REQUIREMENT:
What is needed is an exact repetition of the lines below, from the first one through the one holding "Toyota Hilux D4D", with no pictures and nothing else.

SOURCE DATA:
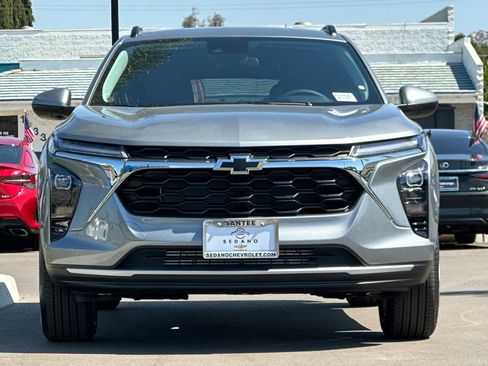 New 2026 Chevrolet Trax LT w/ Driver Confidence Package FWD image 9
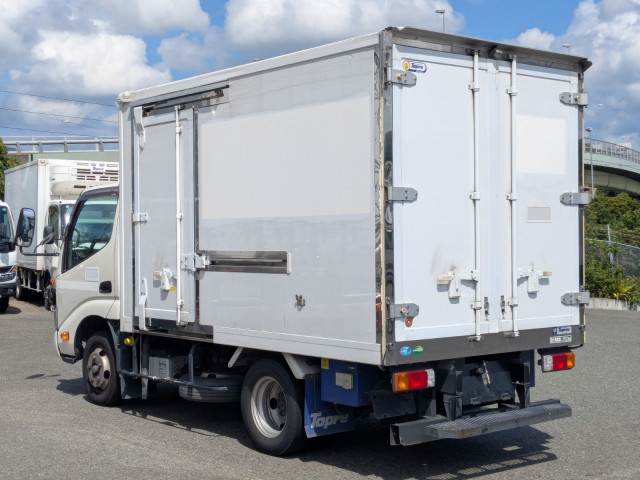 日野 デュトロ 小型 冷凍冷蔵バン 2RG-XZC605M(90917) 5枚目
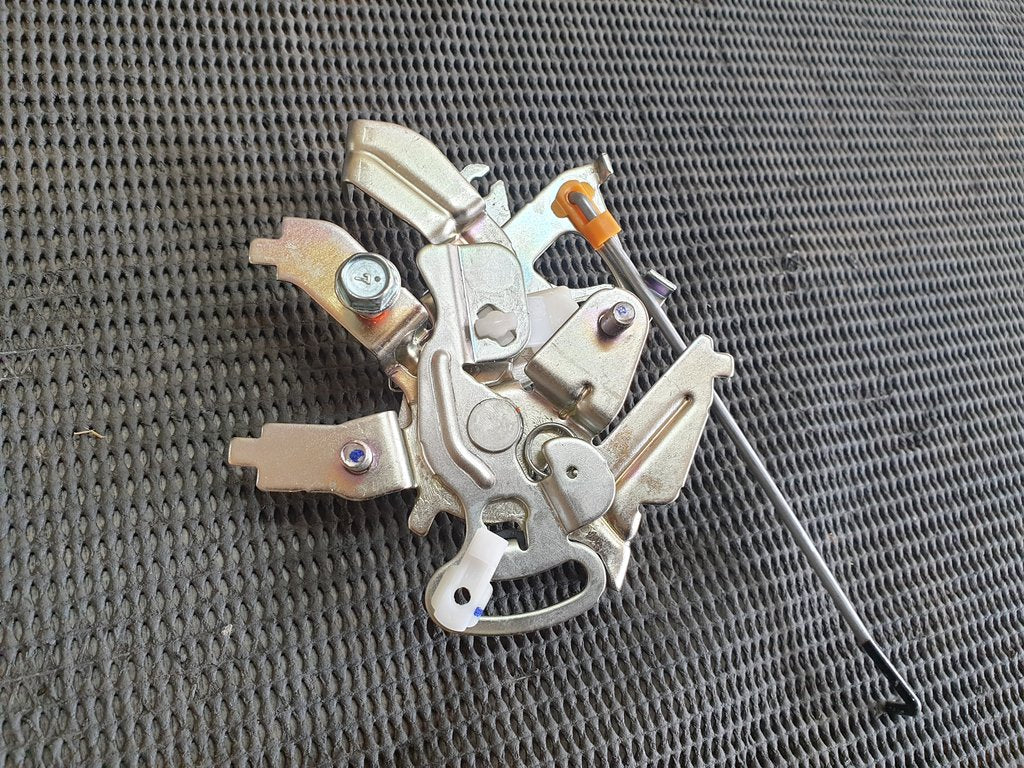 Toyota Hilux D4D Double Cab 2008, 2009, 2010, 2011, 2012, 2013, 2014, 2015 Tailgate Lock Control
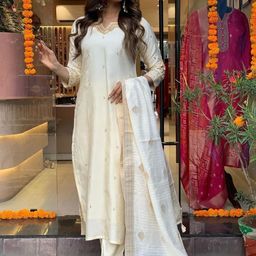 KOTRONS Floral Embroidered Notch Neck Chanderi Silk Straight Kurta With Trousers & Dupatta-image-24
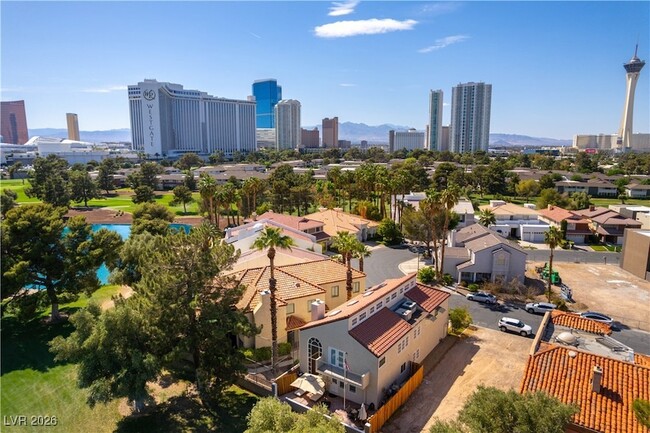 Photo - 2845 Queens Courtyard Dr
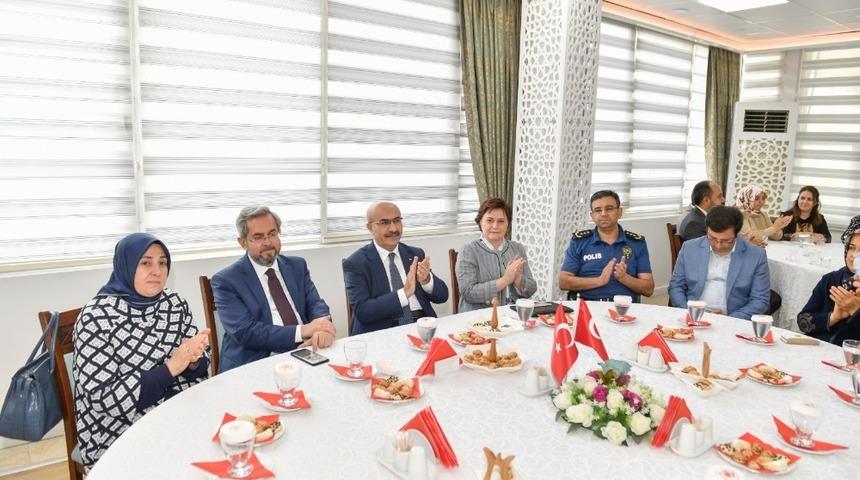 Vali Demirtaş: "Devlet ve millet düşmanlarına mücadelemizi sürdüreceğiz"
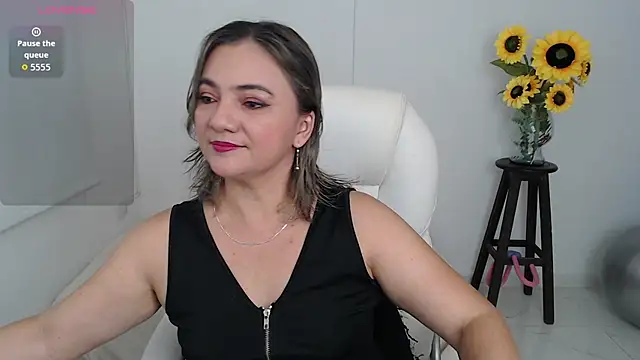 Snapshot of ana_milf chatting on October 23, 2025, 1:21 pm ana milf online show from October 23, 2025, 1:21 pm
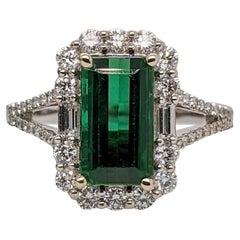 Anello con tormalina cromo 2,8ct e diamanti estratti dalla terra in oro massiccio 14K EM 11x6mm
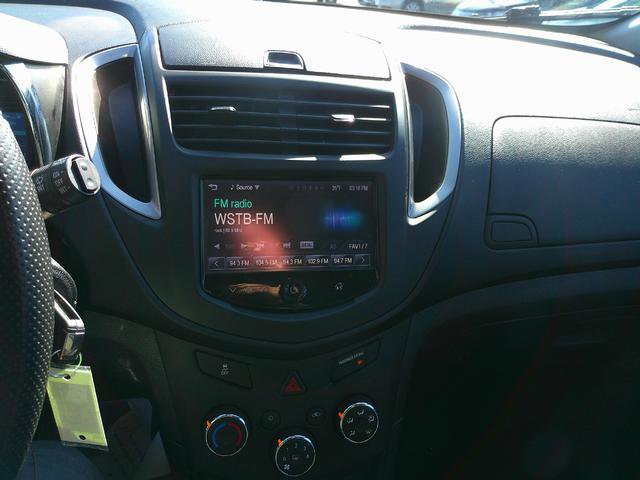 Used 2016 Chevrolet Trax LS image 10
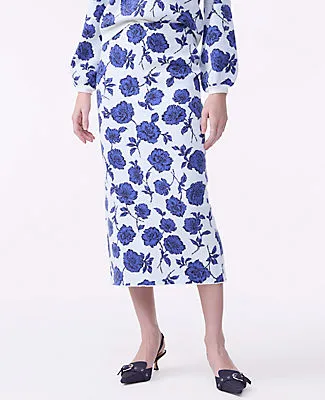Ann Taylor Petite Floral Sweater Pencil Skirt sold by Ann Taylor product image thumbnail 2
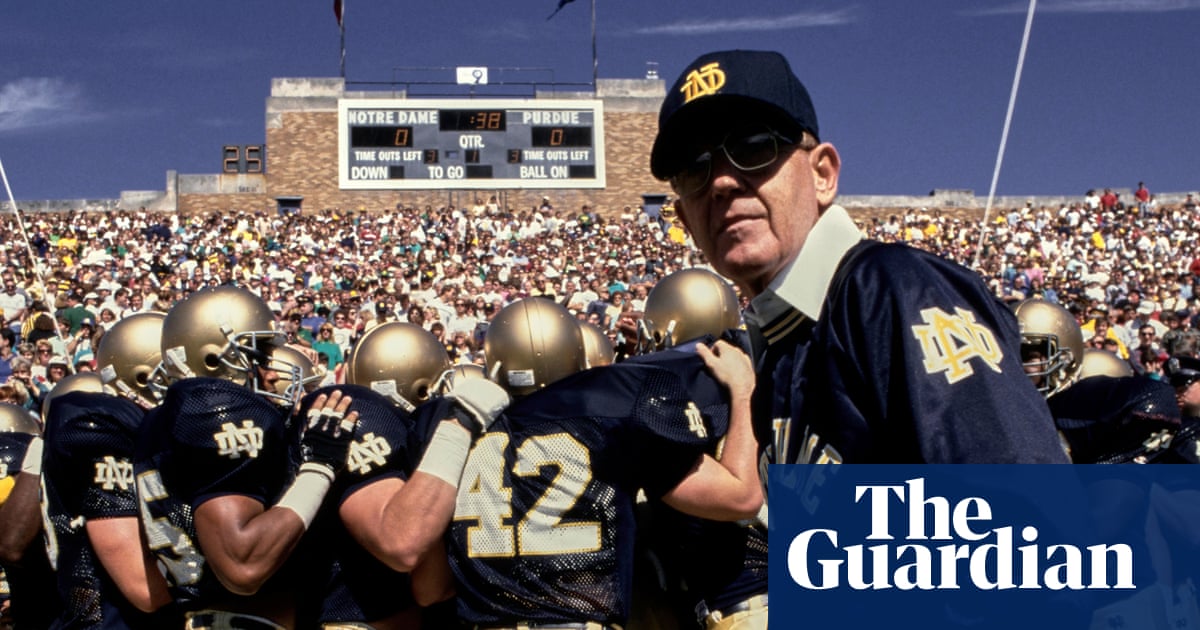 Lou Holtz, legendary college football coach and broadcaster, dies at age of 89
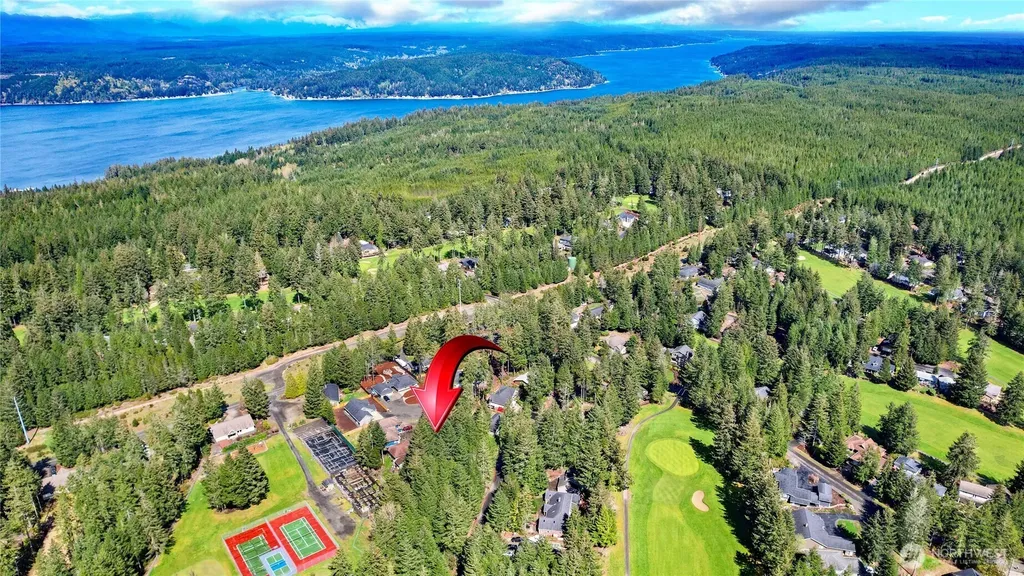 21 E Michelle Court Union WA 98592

WRITTEN RESPONSE:
 New 2026 Chevrolet Trax LT w/ Driver Confidence Package FWD image 9
 日野 デュトロ 小型 冷凍冷蔵バン 2RG-XZC605M(90917) 5枚目
 Toyota Hilux D4D Double Cab 2008, 2009, 2010, 2011, 2012, 2013, 2014, 2015 Tailgate Lock Control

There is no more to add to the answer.